After taking apart the waterfall and a good bit of the rock wall surrounding the bucket (needed to do that to get the bucket out), I added sand and gravel to the bit of ground that the bucket sits on to help get it level. I also had to redo the waterfall to accommodate a new, low drain pipe. Pictured below are all three drain pipes (looking down). The top one is not necessary, but that was where the old drainage was, and I already had a hole, so I figured it wouldn't hurt to put an emergency drainage pipe there just to plug the hole. Also, all of my pipe is 1.5" pipe, but I added in a 2" pipe (PVC white in the photo) to ensure that the darn bucket wouldn't overflow ever again, even if it went off-kilter.

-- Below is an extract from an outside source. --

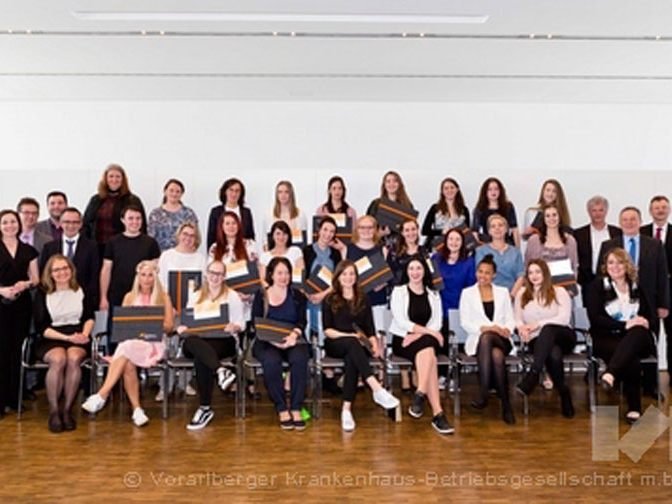 27 erleichterte, strahlende Absolventinnen und Absolventen bei der Abschluss-Feierlichkeit „Pflegeassistenz“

So, after the fish-safe, aquarium epoxy set for 24 hours, I filled up the bucket to test for leaks and see how things looked. Everything seemed to be working well, so I added the gravel back. After the gravel went back in, the water level wouldn't get any higher than the top of the bottom drain pipe! WHAT?! Before, it was overflowing - that was the whole point of this exercise - if I add in more drainage, then it won't overflow. But now, all of a sudden, it didn't need it! Frustrating. The waterfall is supposed to have water flowing down it!
So, after much pondering, I took a hose clamp and tightened it down on the end of the outflow pictured above. It got pretty tight, but it definitely worked, and the water level came up high enough to start to flow out the PVC tube and then down the waterfall! Sure, most of the flow comes out of the bottom pipe, but there's good water coming down from above, and it all blends in nicely. The sound is stronger than ever, and the fish really seem to like it.
With the water flowing well, I added the wetland plants back in, and the project was finished!